Join us online for a conversation between internationally acclaimed fashion photographer Erik Madigan Heck and New Yorker writer and curator Vince Aletti on the occasion of Heck’s newest publication, Erik Madigan Heck: The Garden. Inspired by Catholic iconography and other mythic pictorial traditions, The Garden is an ongoing body of work depicting Heck’s wife and two young sons in a variety of richly colorful surrounds.

This program is free with a suggested donation of $5. Reserve your signed copy of Erik Madigan Heck: The Garden through ICP’s shop.

We need your support. Concerned photography is needed now more than ever. Admission to this virtual program is free with a suggested donation ($5)—help keep public programs accessible to all by donating today.

About the Program Format

This program will take place on Zoom. Those who register to attend will receive a confirmation email with a link located at the bottom of the email under ‘Important Information’ to join the lecture through a computer or mobile device. 

We recommend participants download the Zoom app on their device prior to the program. Learn how to download the latest version of Zoom to your computer or mobile device.

If you have not received the Zoom link by 2 PM on the day of the lecture or if you have questions about the virtual lecture, please contact: programs@icp.org.

About Erik Madigan Heck: The Garden

The Garden is an ongoing body of work depicting Heck’s wife and two young sons in a variety of richly colorful surrounds. The photographs draw upon Catholic iconography and other mythic pictorial traditions to develop a color-based narrative evocative of spiritual archetypes and the processes of dissolution and rebirth.

The series moves through a singular world—a fairytale in which figures and settings become tableaux for hyper-concentrated tonal arrangements. Images are composited and oversaturated with color to create painterly and surreal compositions in which the familiar and fantastic are merged. Completing its aesthetic fantasy through lavish clothes, gestures of dreamlike poignancy, and an Edenic environment, ‘The Garden’ expresses the supramundane innocence and spontaneity that art makes possible—a life lived in the direct, immediate experience of beauty.

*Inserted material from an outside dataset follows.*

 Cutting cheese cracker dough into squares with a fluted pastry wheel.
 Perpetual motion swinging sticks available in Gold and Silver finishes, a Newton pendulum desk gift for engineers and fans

Shot predominantly at the family's home in New England, the series initially elicits comparisons with other contemporary photography confronting family life, such as Sally Mann’s Immediate Family, or the work of Elinor Carucci. But though the subjects of Heck’s photographs are ostensibly his family, The Garden's real subject matter is color and the aesthetic possibilities of photography to create what it captures.

Speakers

Erik Madigan Heck, b. 1983, Excelsior, is an artist working in photography, painting, and film. Heck is the recipient of the International Center of Photography’s Infinity Award, the FOAM Fotografiemuseum talent award, the Forbes' 30 under 30 award, and the Art Director’s Club Gold Medal for his Old Masters Portfolio published by the New York Times Magazine.

In 2019 Heck had solo museum exhibitions at The Musée des Beaux-Art in Le Locle, Switzerland and the Multimedia Arts Museum in Moscow, Russia; public installations at the Houston Museum of Fine Arts, Paris Photo, Photo London, and Photo Shanghai; and relaunched Nomenus—a printed journal focusing on the intersection between photography and painting, where he collaborates with an array of artists and institutions. Heck is a regular contributor to the New York Times Magazine, Time, Vanity Fair, the New Yorker, and Harper's Bazaar amongst others; and is the author of Old Future, published by Thames & Hudson and Abrams.

Vince Aletti reviews photography exhibitions for Goings On About Town. In addition to his work for the New Yorker, he reviews photography books for Photograph. His work has also appeared in Aperture, Art + Auction, and photoworks. Aletti was the art editor of the Village Voice from 1994 to 2005 and the paper’s photo critic for twenty years. In 2005, he won the International Center of Photography’s Infinity Award for writing.